Asked if similar legal costs would be incurred if the appellants go to the Appeal Court, he replied, “Why change a winning team?” Ramlogan also said the Dean-Armorer judgment had not only preserved the “Ish and Steve” case, but also all the other cases of alleged corruption in TT, plus any future court-cases that might arise from the two current commissions of inquiry, respectively, into the 1990 coup attempt, and into the collapse of Clico and the Hindu Credit Union (HCU).
The AG also noted that paragraphs 445, 478 and 499 of the judgment focused on evidence given by him, declaring that he is the first attorney general to give evidence on behalf of the State, as he had also done in the case of the Offshore Patrol Vessels (OPVs). “The reason I went on affidavits is to point out that if Section 34 were to succeed is what that means is that all those corruption probes I instituted into Petrotrin, Udecott, Eteck, TTEC, UTT and so on would have all been caught by Section 34,” said Ramlogan.
“Remember the PNM was in power for eight years and by the time Section 34 came two years of us in Government had already passed and eight and two is ten, and the object of Section 34 is that if ten years have passed from the commission of the offence and you haven’t charged anybody with it, you can’t do anything else,” said the AG. “In the judgment, she (Dean-Armorer) averted to that, and she accepted that evidence, and she paid recognition to it.”

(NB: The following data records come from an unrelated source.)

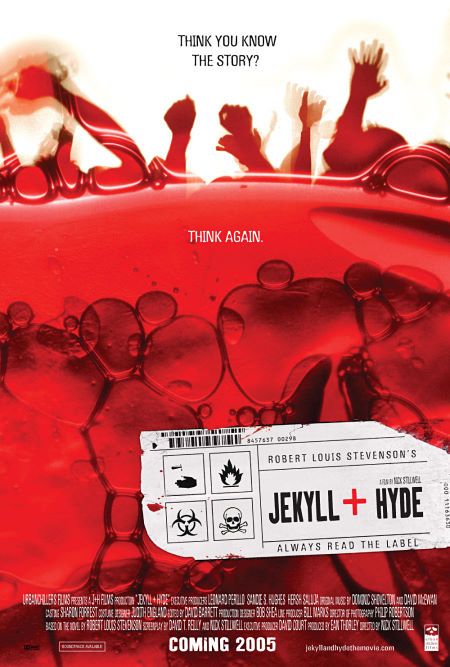 the movie poster: Jekyll + Hyde (2005)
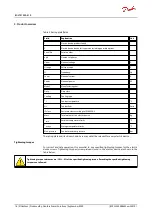 Preview for 17 page of Danfoss EC-LTS Series User Manual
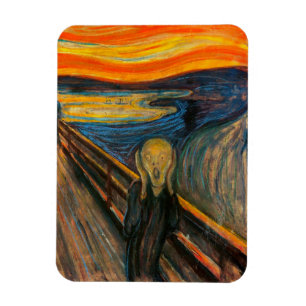 Ímã Munch The Gritar Magnet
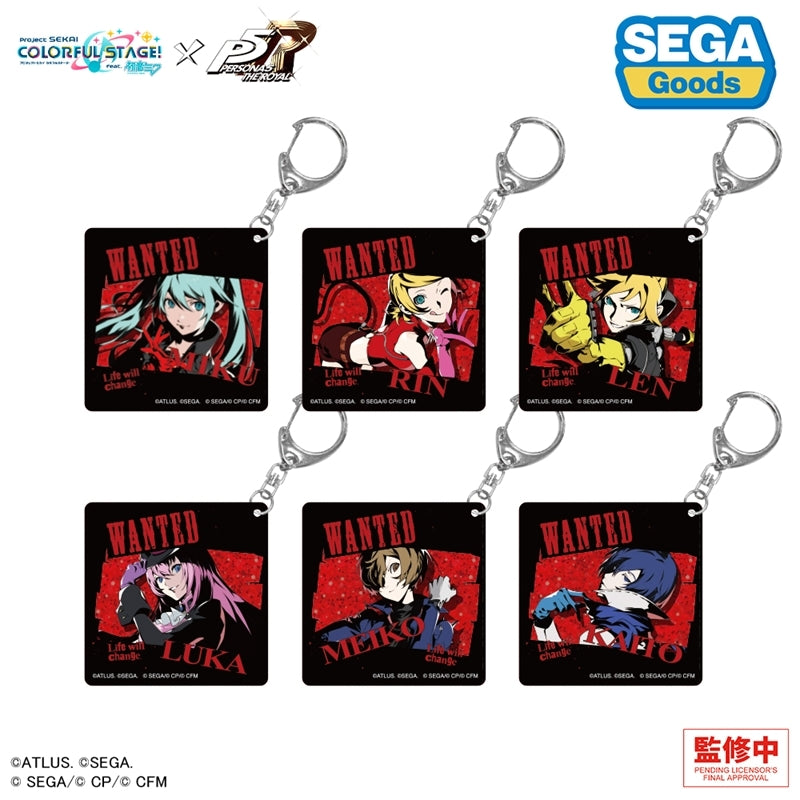 [PREORDER] Project Sekai x Persona 5 Acrylic Keychains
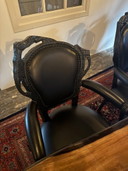 4 fauteuils de salle à manger Maarten Baas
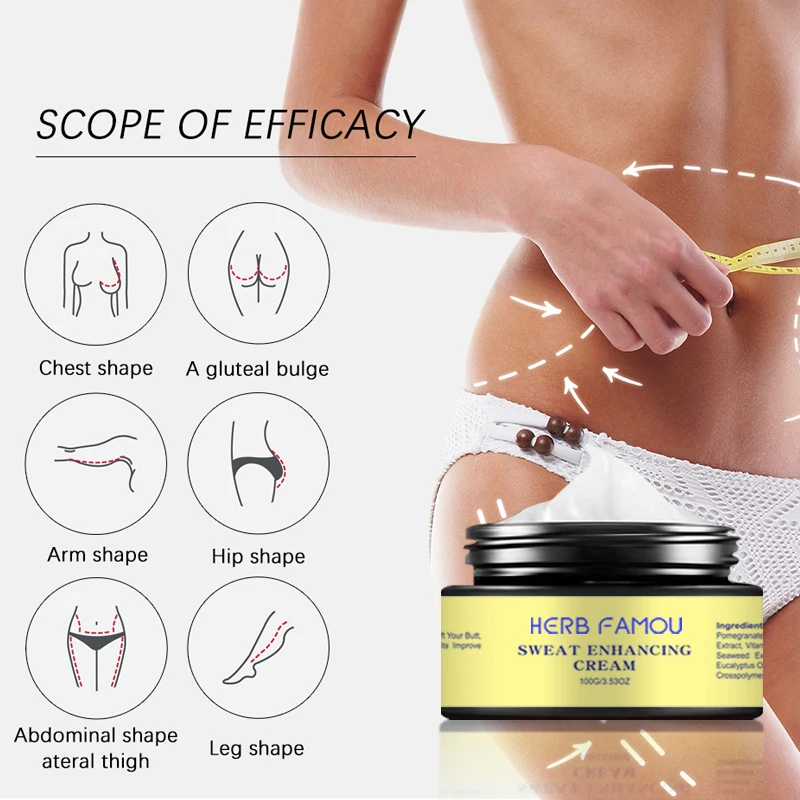 
OEM Private Label Body Stomach Slimming Fat Burning Gel Losing Weight Anti Cellulite Organic Hot Cream 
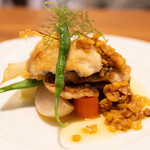 Ciel de mer - 本日のお魚料理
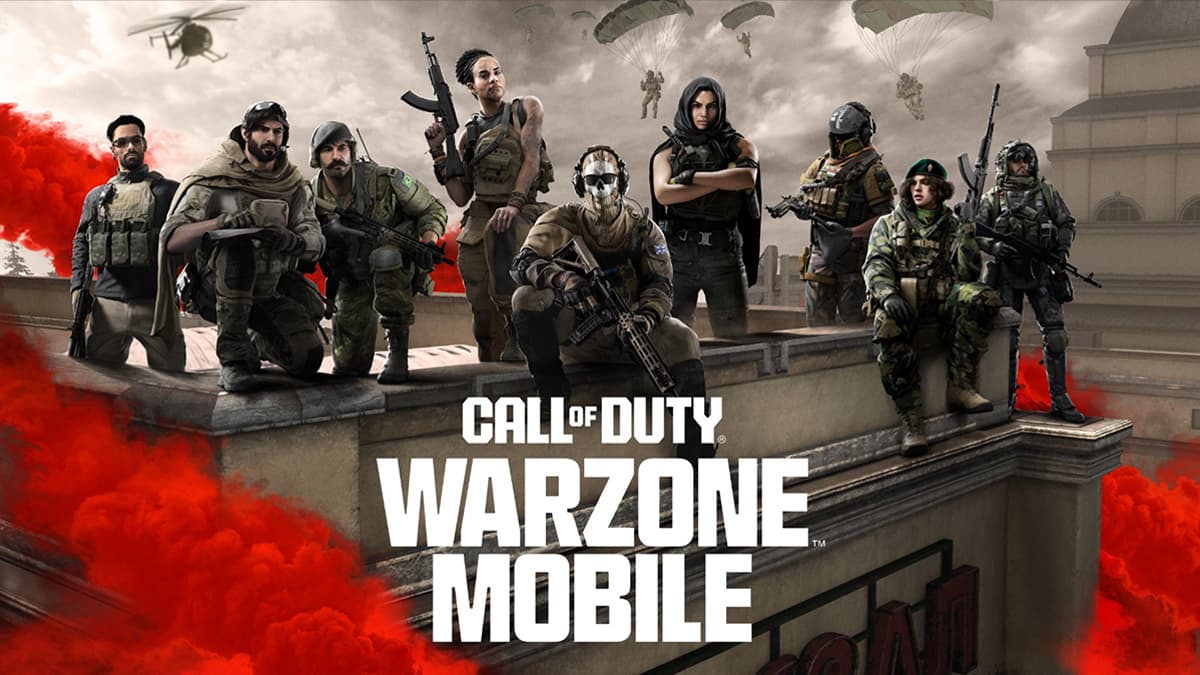 Warzone Mobile Operators in Verdansk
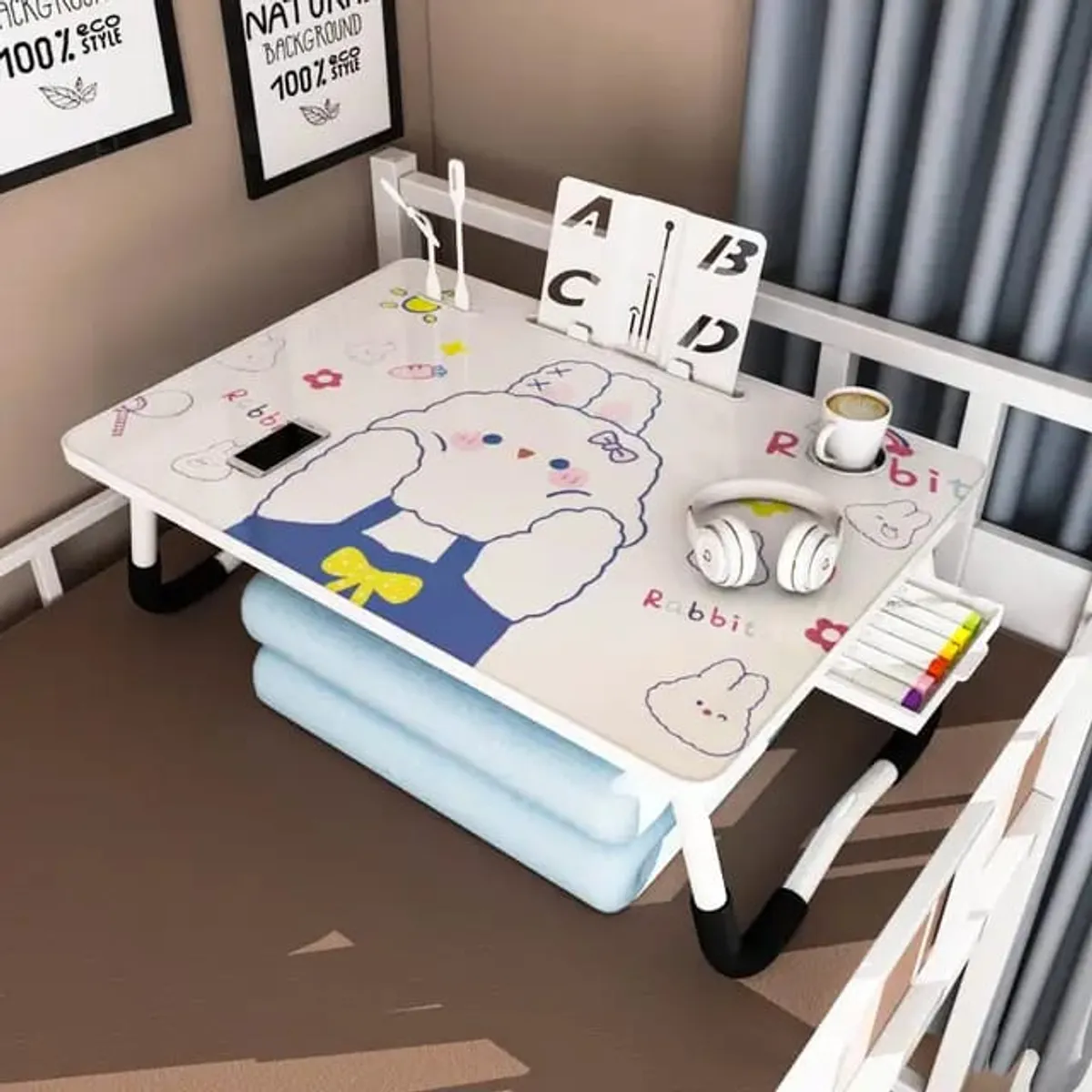 GENERICO - MESA DE LAPTOP CON USB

Ramlogan said paragraph 478 of Dean-Armorer’s judgment had noted the AG’s assertion that the “Ish and Steve” case was relevant to other corruption cases.
Ramlogan said there are many ongoing probes (Petrotrin, Udecott, TTEC, UTT) that could lead to future court action, and these had now been saved by last Friday’s ruling.
Ramlogan said last Friday’s ruling now clears the way for the Director of Public Prosecution (DPP) to pursue criminal charges arising from evidence in the two commissions of inquiry.